━━ Data to examine ━━

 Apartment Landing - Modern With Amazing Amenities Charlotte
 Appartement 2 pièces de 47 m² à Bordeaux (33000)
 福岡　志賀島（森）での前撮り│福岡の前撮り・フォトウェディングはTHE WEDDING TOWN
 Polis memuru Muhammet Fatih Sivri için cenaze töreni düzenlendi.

━━━
━━ Data to examine ━━

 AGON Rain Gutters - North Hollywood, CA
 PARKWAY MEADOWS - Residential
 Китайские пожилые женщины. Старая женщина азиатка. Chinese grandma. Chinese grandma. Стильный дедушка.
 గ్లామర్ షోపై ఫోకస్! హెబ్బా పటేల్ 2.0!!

━━━
━━ Data to examine ━━

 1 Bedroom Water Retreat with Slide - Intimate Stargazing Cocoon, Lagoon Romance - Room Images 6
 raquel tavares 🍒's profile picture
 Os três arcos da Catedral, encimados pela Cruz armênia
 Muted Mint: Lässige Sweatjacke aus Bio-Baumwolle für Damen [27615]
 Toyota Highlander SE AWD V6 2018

━━━

Prompt: Your answer must consist solely of the lines above between the line holding "1 Bedroom Water" and the line holding "Toyota Highlander SE AWD V6 2018", inclusive, copied exactly.

Problem solution:
 1 Bedroom Water Retreat with Slide - Intimate Stargazing Cocoon, Lagoon Romance - Room Images 6
 raquel tavares 🍒's profile picture
 Os três arcos da Catedral, encimados pela Cruz armênia
 Muted Mint: Lässige Sweatjacke aus Bio-Baumwolle für Damen [27615]
 Toyota Highlander SE AWD V6 2018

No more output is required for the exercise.